WORK REQUEST -> Transcribe exactly everything in the data below from the line containing "FOTO: Ragam Produk" down to the line containing "Tránsito le pide", both lines included and nothing further.

RECORDS FOR THE TASK ->

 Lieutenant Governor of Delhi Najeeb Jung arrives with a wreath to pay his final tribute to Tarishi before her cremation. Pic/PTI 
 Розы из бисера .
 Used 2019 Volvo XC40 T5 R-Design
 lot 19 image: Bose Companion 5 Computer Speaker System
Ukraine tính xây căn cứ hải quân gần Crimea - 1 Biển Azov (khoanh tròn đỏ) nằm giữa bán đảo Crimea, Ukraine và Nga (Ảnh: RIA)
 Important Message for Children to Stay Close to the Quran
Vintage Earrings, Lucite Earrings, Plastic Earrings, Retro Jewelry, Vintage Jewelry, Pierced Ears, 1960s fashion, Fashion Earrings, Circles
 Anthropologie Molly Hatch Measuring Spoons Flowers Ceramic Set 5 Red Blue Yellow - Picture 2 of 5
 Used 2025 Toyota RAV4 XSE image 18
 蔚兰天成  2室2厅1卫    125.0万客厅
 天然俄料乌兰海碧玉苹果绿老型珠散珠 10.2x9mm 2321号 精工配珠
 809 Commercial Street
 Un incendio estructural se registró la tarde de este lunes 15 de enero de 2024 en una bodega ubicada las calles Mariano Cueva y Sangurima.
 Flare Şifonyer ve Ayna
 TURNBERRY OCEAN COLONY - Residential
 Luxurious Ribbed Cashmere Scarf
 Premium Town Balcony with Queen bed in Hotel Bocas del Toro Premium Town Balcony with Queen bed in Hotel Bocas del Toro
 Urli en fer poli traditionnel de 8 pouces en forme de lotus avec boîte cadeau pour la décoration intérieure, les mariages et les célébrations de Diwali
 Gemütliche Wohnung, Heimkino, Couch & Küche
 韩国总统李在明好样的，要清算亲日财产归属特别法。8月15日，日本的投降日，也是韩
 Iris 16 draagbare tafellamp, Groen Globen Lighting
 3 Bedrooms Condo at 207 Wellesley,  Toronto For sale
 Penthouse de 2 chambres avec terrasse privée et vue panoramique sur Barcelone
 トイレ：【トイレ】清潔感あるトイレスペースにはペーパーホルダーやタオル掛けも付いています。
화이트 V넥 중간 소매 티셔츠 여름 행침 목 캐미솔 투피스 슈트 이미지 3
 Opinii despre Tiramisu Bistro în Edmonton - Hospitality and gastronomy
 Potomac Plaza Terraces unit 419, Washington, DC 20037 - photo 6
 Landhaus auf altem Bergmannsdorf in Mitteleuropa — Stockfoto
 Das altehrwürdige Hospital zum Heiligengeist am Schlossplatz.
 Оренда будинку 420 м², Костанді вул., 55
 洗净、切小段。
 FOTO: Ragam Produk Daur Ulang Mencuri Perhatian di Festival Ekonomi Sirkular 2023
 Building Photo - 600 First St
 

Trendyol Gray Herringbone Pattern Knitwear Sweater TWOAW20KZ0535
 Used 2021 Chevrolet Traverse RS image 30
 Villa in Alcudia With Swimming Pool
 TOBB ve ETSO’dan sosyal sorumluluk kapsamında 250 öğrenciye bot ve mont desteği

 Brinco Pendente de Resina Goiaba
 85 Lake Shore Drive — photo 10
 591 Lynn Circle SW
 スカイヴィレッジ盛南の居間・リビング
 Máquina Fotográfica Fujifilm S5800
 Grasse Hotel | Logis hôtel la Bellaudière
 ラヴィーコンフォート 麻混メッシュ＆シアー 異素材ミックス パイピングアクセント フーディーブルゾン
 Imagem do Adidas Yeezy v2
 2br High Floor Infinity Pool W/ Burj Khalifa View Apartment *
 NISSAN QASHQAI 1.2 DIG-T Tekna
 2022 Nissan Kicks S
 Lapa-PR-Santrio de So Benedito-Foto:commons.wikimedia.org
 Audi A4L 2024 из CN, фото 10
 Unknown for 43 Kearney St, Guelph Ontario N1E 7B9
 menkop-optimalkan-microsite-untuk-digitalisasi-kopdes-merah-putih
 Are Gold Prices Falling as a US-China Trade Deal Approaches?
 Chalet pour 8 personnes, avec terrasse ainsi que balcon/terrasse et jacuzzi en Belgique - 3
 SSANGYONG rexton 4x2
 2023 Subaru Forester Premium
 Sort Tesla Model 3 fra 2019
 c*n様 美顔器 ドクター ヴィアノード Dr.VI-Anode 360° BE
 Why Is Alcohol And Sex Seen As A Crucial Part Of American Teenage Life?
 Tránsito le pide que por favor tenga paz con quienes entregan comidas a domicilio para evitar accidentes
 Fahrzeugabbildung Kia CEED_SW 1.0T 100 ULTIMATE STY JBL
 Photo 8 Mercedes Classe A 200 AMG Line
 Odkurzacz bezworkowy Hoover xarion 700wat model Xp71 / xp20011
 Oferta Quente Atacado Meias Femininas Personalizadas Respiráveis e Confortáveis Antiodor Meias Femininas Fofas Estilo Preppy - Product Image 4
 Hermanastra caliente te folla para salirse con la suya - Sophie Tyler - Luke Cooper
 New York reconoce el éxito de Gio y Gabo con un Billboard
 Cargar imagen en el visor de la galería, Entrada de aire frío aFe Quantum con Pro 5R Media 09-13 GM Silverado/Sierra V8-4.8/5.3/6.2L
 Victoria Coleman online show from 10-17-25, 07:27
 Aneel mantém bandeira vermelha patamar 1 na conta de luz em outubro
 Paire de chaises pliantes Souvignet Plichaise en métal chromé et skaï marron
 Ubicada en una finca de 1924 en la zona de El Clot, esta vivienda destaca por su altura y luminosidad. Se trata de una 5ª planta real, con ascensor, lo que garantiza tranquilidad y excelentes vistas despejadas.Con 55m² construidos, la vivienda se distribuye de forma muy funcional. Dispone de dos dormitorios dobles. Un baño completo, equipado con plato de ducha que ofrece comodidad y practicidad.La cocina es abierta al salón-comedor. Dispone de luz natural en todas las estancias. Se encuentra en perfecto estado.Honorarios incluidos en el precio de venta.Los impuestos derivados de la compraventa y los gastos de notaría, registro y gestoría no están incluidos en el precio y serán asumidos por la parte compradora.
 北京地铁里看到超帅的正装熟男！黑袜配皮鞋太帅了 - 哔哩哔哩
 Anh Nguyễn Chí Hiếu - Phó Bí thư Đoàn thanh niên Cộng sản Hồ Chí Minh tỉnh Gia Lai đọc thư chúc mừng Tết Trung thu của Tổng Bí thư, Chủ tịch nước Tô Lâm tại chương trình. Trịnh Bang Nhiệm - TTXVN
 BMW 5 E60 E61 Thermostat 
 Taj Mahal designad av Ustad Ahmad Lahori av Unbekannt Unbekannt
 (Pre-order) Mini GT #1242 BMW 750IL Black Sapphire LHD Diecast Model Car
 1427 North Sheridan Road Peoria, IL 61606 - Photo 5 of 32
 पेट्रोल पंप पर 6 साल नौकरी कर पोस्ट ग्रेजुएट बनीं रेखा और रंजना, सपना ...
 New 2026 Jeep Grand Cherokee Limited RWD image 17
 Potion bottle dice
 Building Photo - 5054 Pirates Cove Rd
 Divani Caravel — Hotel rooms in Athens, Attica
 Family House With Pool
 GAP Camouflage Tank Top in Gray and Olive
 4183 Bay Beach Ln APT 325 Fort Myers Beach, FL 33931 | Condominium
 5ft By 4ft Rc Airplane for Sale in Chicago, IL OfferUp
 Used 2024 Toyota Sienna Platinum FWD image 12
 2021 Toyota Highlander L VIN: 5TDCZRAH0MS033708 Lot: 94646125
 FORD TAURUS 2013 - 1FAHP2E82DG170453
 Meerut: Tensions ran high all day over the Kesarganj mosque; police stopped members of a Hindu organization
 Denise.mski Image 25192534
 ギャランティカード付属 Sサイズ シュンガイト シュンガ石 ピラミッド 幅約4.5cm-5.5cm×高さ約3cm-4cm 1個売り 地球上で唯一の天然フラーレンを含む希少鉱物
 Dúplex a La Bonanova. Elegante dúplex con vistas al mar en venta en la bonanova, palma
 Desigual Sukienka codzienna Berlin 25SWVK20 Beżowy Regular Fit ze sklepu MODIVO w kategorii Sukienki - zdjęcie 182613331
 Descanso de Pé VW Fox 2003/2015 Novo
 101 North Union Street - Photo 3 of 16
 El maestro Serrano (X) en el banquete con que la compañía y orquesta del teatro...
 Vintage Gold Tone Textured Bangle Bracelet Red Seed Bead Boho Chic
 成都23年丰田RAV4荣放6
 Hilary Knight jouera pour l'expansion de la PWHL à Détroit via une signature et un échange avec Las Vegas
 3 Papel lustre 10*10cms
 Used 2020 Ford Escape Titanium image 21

ANSWER TO THIS PROBLEM ->
 FOTO: Ragam Produk Daur Ulang Mencuri Perhatian di Festival Ekonomi Sirkular 2023
 Building Photo - 600 First St
 

Trendyol Gray Herringbone Pattern Knitwear Sweater TWOAW20KZ0535
 Used 2021 Chevrolet Traverse RS image 30
 Villa in Alcudia With Swimming Pool
 TOBB ve ETSO’dan sosyal sorumluluk kapsamında 250 öğrenciye bot ve mont desteği

 Brinco Pendente de Resina Goiaba
 85 Lake Shore Drive — photo 10
 591 Lynn Circle SW
 スカイヴィレッジ盛南の居間・リビング
 Máquina Fotográfica Fujifilm S5800
 Grasse Hotel | Logis hôtel la Bellaudière
 ラヴィーコンフォート 麻混メッシュ＆シアー 異素材ミックス パイピングアクセント フーディーブルゾン
 Imagem do Adidas Yeezy v2
 2br High Floor Infinity Pool W/ Burj Khalifa View Apartment *
 NISSAN QASHQAI 1.2 DIG-T Tekna
 2022 Nissan Kicks S
 Lapa-PR-Santrio de So Benedito-Foto:commons.wikimedia.org
 Audi A4L 2024 из CN, фото 10
 Unknown for 43 Kearney St, Guelph Ontario N1E 7B9
 menkop-optimalkan-microsite-untuk-digitalisasi-kopdes-merah-putih
 Are Gold Prices Falling as a US-China Trade Deal Approaches?
 Chalet pour 8 personnes, avec terrasse ainsi que balcon/terrasse et jacuzzi en Belgique - 3
 SSANGYONG rexton 4x2
 2023 Subaru Forester Premium
 Sort Tesla Model 3 fra 2019
 c*n様 美顔器 ドクター ヴィアノード Dr.VI-Anode 360° BE
 Why Is Alcohol And Sex Seen As A Crucial Part Of American Teenage Life?
 Tránsito le pide que por favor tenga paz con quienes entregan comidas a domicilio para evitar accidentes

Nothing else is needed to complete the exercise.